So the first thing you notice is a sense of urgency. The second thing you notice is a sense of radicalism, which is the other side of the same thing, which is, "We are going to change things. We're going to do it right now; we're not going to wait." Again, a sense of urgency, but also a sense that government institutions very often run on inertia, that they haven't rethought how they work. The military hasn't rethought how it works. The notion of how the military interrogates goes back 200 years to George Washington and its notion of how to treat prisoners. Well, we can't afford that now. The gloves, as Cofer Black said, have to come off. ...

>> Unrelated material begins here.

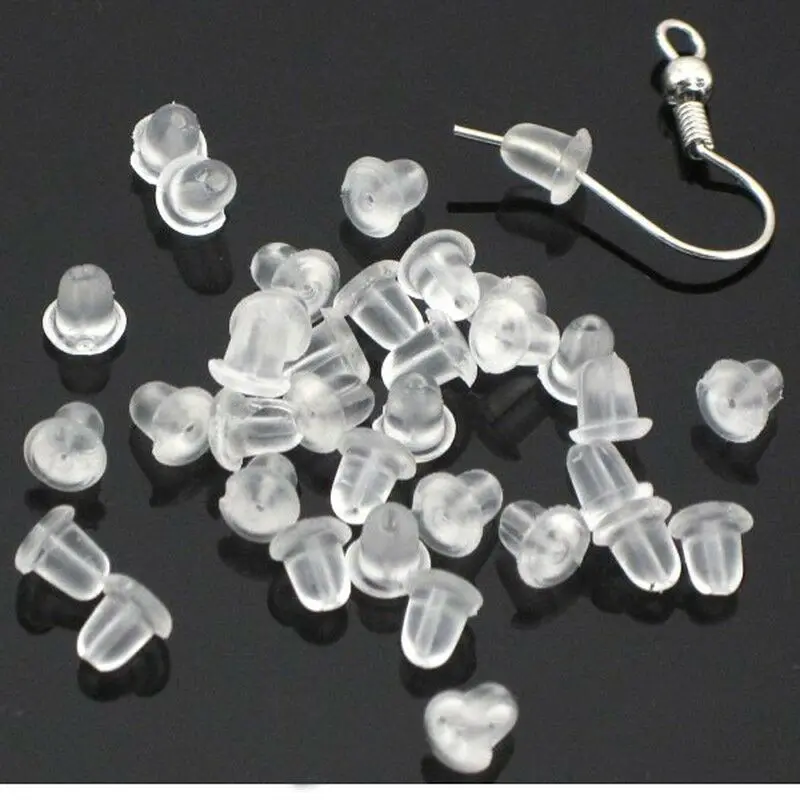

500/1000pc/lot 4mm Earring Backs Stoppers For Jewelry Making Accessories Clear Plastic Bullet Ear Plugging Blocked (Contain Box)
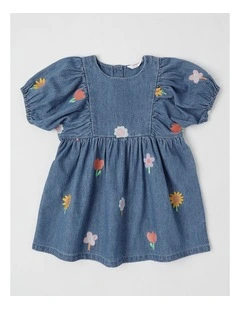 Jemima Puff Sleeve Chambray Dress with All Over Floral Emboidery in Denim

And finally, you see mixed with this a notion of a legal belief that has been embedded in the Federalist Society and various radical lawyers on the right wing that are now in power. ... It's almost a royalist idea of power; that the president, if he wants to interrogate a prisoner in whatever way he wants, he cannot be stopped, neither by the other institutions of government nor by international treaty nor by domestic statute, because these are under his war powers. So you see an untrammeled notion of executive power that's very radical in American history, but that happens to come forward at this time because of the particular administration you have in power and the event that has happened.

So you have circumstance, and you have action. They come together, and you have the kind of documents that we see from the Department of Justice and the Department of Defense -- radical, determined, aggressive. "Radical" is the word.

It's a really interesting notion that you and others write. [The Sept. 14, 2001 authorization from Congress] gives [the president] the authority to chase Al Qaeda, whatever state it goes to, go wherever he needs to go, do whatever he needs to do. From that, the logic of everything else they write, from their point of view, flows. ...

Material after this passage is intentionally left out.